| YOUR ASSIGNMENT |
Skip all pictures; return exactly the lines from the one containing "Building Photo - 1211 Ledwich Ave" through the end of the data.

| DATA SHOWN |

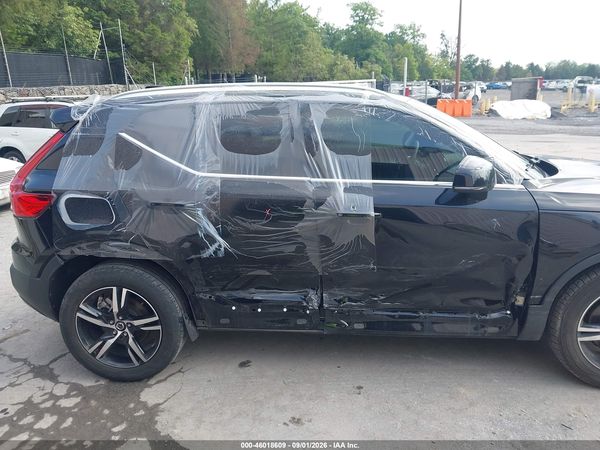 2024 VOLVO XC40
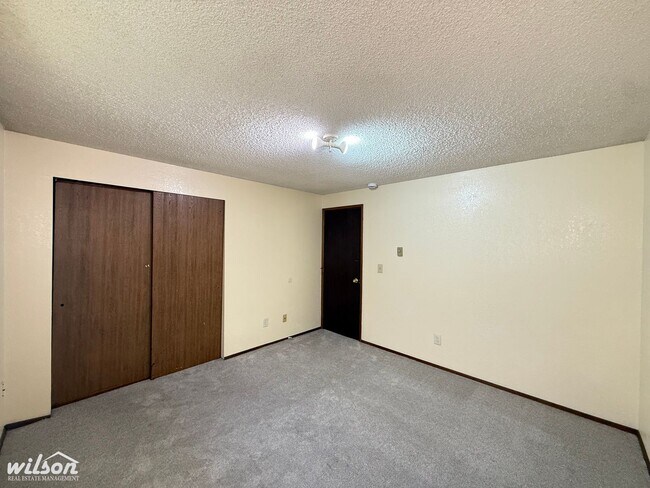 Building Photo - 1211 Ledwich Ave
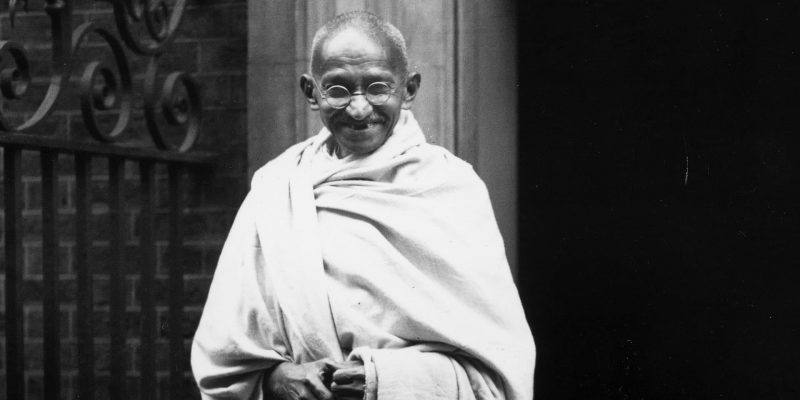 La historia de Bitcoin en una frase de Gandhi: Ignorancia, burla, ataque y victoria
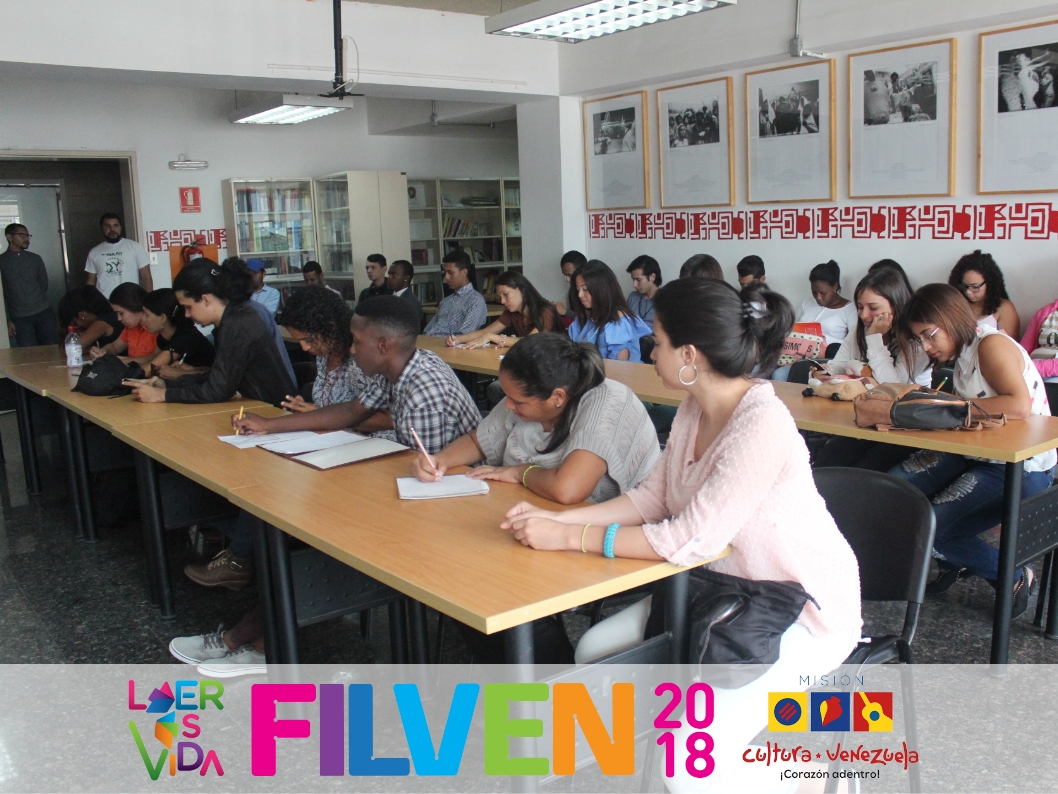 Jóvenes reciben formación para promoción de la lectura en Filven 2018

| EXERCISE SOLUTION |
 Building Photo - 1211 Ledwich Ave
 La historia de Bitcoin en una frase de Gandhi: Ignorancia, burla, ataque y victoria
 Jóvenes reciben formación para promoción de la lectura en Filven 2018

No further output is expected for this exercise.